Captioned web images

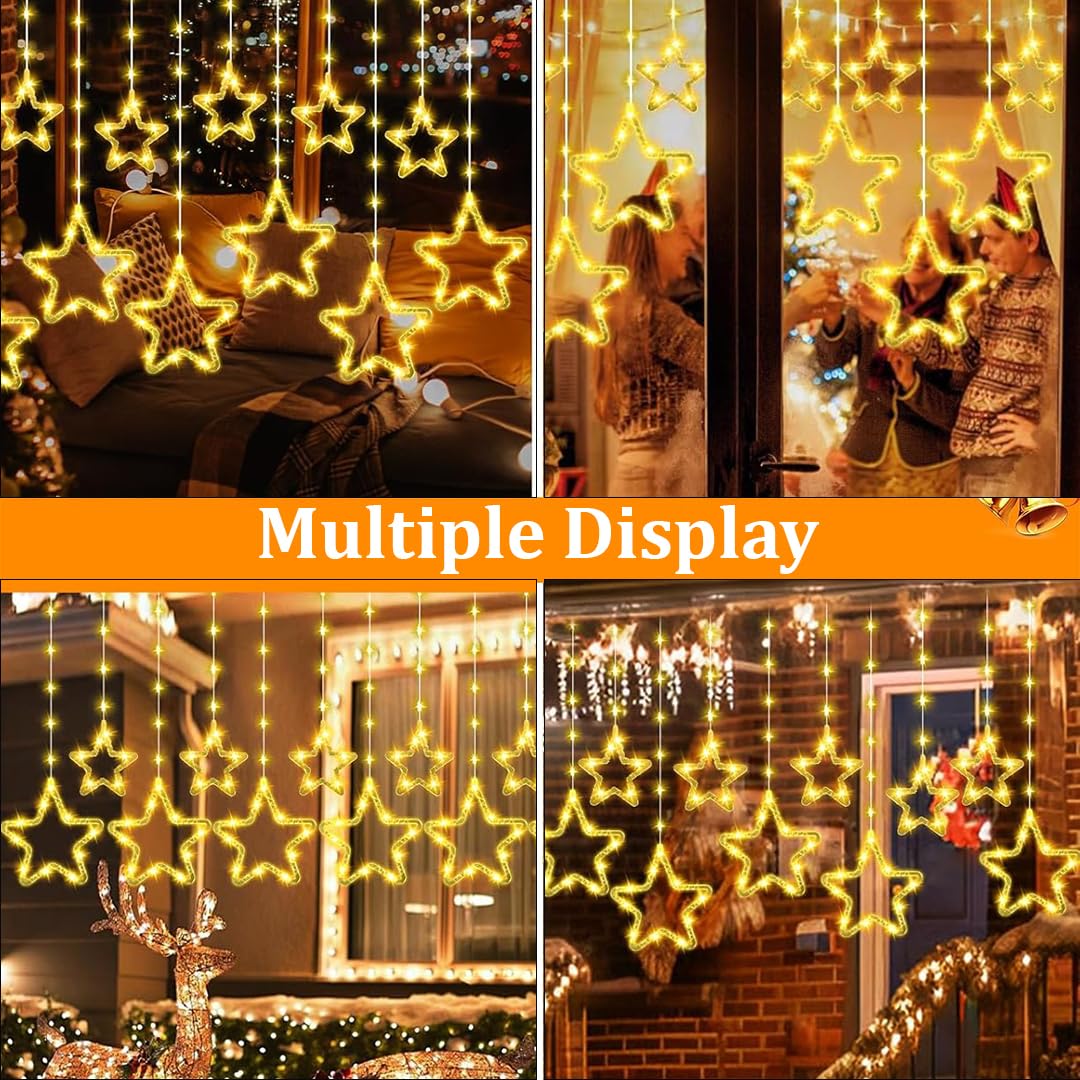 Waterproof Warm Star Curtain Lights 5+5 Neon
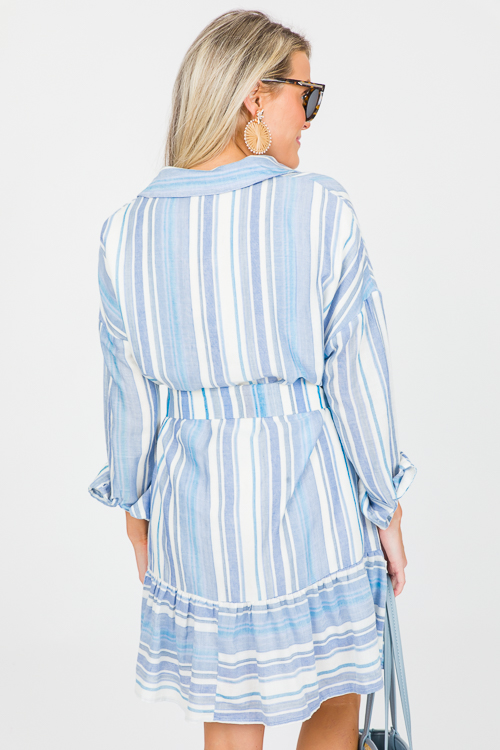 Belted Stripes Shirt Dress, Blue - SALE - The Blue Door Boutique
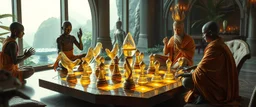 alien levitating yoga monk chess masters playing serious glowing chess on hex map in lounge on beautiful lush planet with huge transparent bird glass alien chess pieces of ships in fountain, also an endless twisted god piece, one of the players is wrestling a queen piece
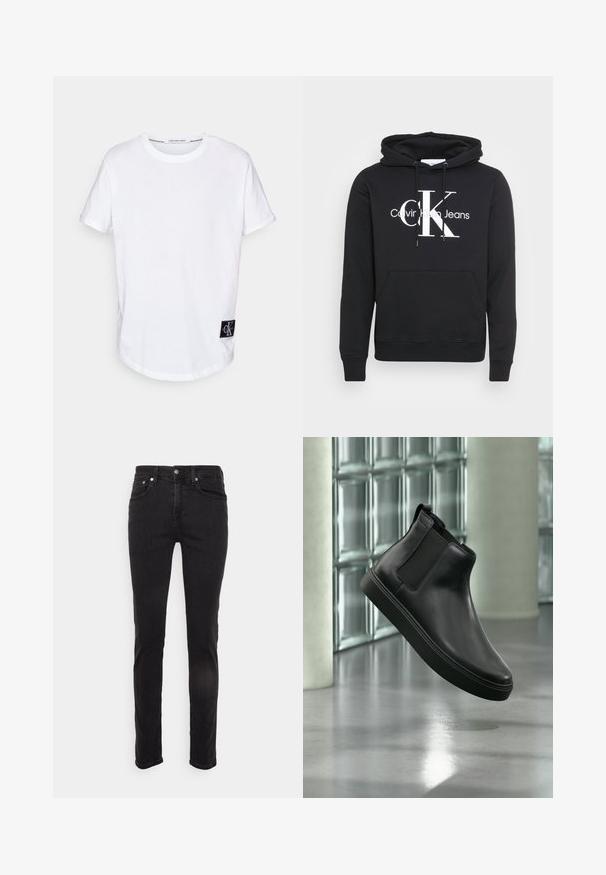 Sort hættetrøje med snoretræk i hætten, forlommekant og hvidt trykt logo "Calvin Klein Jeans" med stort "CK" i midten. Fremstillet af bomuldsmateriale.; Hvid bomulds T-shirt med rullede korte ærmer, afrundet kant og et sort logo-tag med "CK" i nederste venstre hjørne.; Slim-fit sorte denimjeans med forlommer, bæltestropper og knaplukning vist mod en ensfarvet, lys baggrund.; Sort læder ankelstøvle med elastiske sidepaneler, der svæver over en poleret beton gulv og glasblokke i baggrunden.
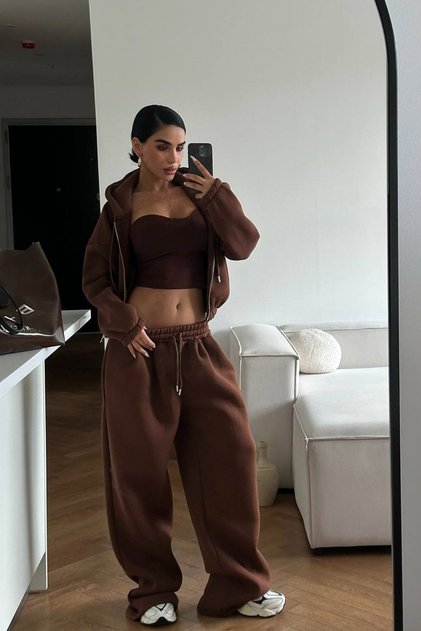Kapşonlu Straplez Croplu Oversize 3 Lü Şardonlu Eşofman Takımı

■ **What you should do**
Only the lines from the start of the records above through the line containing "Sort hættetrøje med" should be returned, exactly and with both ends, please; the pictures stay out.

■ **Response to this exercise**
 Waterproof Warm Star Curtain Lights 5+5 Neon
 Belted Stripes Shirt Dress, Blue - SALE - The Blue Door Boutique
 alien levitating yoga monk chess masters playing serious glowing chess on hex map in lounge on beautiful lush planet with huge transparent bird glass alien chess pieces of ships in fountain, also an endless twisted god piece, one of the players is wrestling a queen piece
 Sort hættetrøje med snoretræk i hætten, forlommekant og hvidt trykt logo "Calvin Klein Jeans" med stort "CK" i midten. Fremstillet af bomuldsmateriale.; Hvid bomulds T-shirt med rullede korte ærmer, afrundet kant og et sort logo-tag med "CK" i nederste venstre hjørne.; Slim-fit sorte denimjeans med forlommer, bæltestropper og knaplukning vist mod en ensfarvet, lys baggrund.; Sort læder ankelstøvle med elastiske sidepaneler, der svæver over en poleret beton gulv og glasblokke i baggrunden.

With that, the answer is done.